Jeremy Kepner
Tuesday October 1st, 2024
4:00pm Eastern
Marlar Lounge 37-252/37-272 and via Zoom
"Jeremy Kepner is an MIT Lincoln Laboratory Fellow, and founder of the Lincoln Laboratory Supercomputing Center and SuperCloud, which together constitute the largest supercomputing facility in New England. He is also a founder of the MIT-Air Force AI Accelerator. He received a PhD in Astrophysics Sciences from Princeton University in 1997, where he worked on early numerical simulations of dwarf galaxy formation and its quasar absorption signatures."
- Rob Simcoe
Astrophysical methods applied to the internet: celestial sphere, observatories, telescopes, detectors, background radiation, large scale structure, and pulsars
Global usage of the Internet is expected to exceed 5 billion people. Accordingly, the Internet is a domain as worthy of scientific exploration as land, sea, air, and space. Deepening our scientific understanding of the Internet is expected to yield correspondingly equivalent societal benefits. Observationally, the Internet can be viewed as billions (heading towards trillions) of variable brightness sources with many natural analogues in astronomy and astrophysics. This talk explores these analogues which include network traffic matrices (‘celestial sphere’), dedicated network traffic collection sites (‘observatories’), specialized network taps (‘telescopes’), finely calibrated high-speed traffic analyzers (‘detectors’), spectral characterization of aggregated traffic (‘background radiation’), aggregate cross-correlation analysis (‘large scale structure’), and identification of regular broad-spectrum emitters (‘pulsars’).

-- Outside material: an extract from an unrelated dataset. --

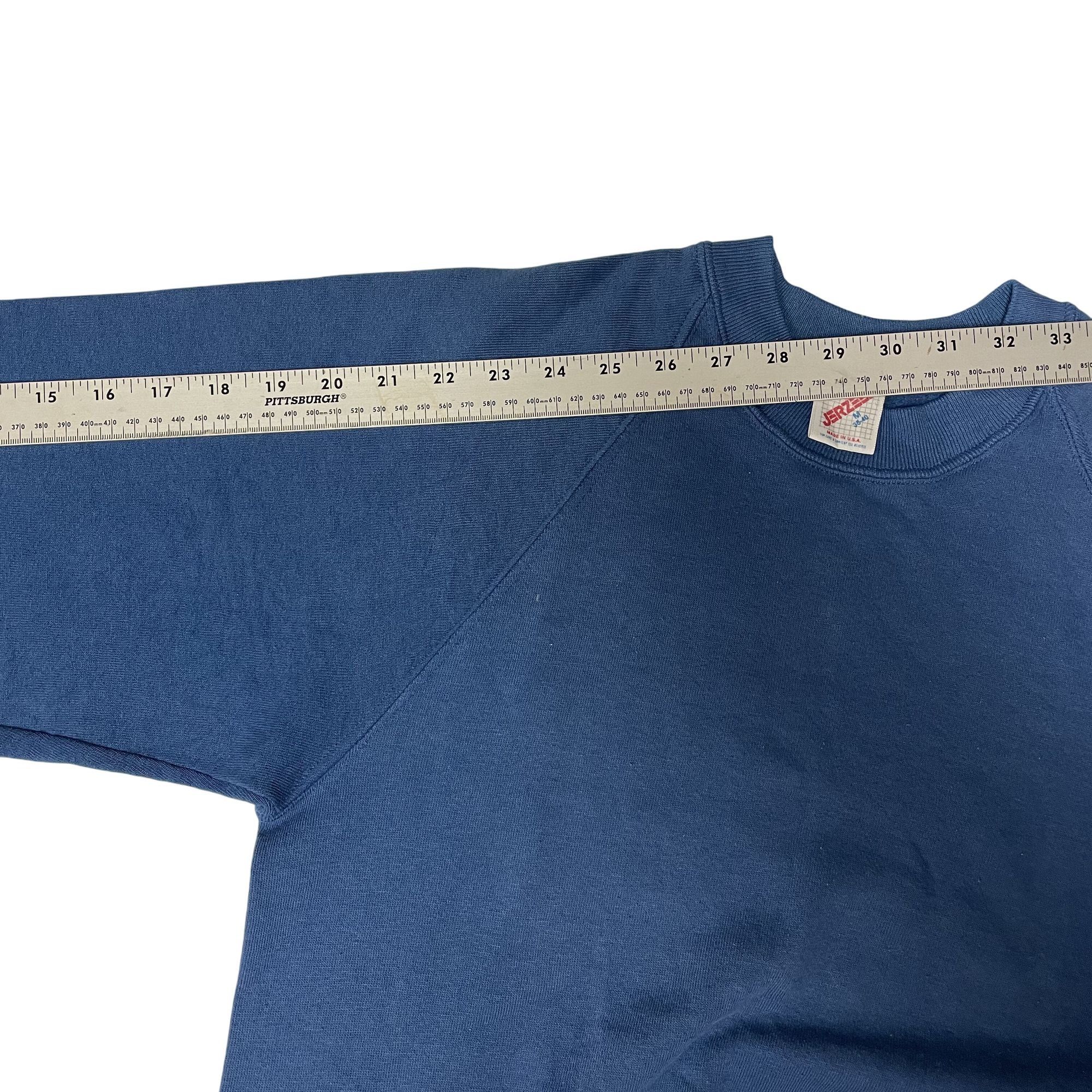 Jerzees Vtg Russell USA ATHLETIC Gym Workout RAGLAN Sweatshirt Size US M / EU 48-50 / 2 - 6 Thumbnail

Understanding of the underlying processes in any field is discovered by painstaking science. Early efforts on small network data sets revealed significant new discoveries and established the field of Network Science. Current observations are a million times larger and are calling out for scientific exploration. More pragmatically, effective utilization of the Internet requires a detailed understanding of its principal characteristic: network traffic.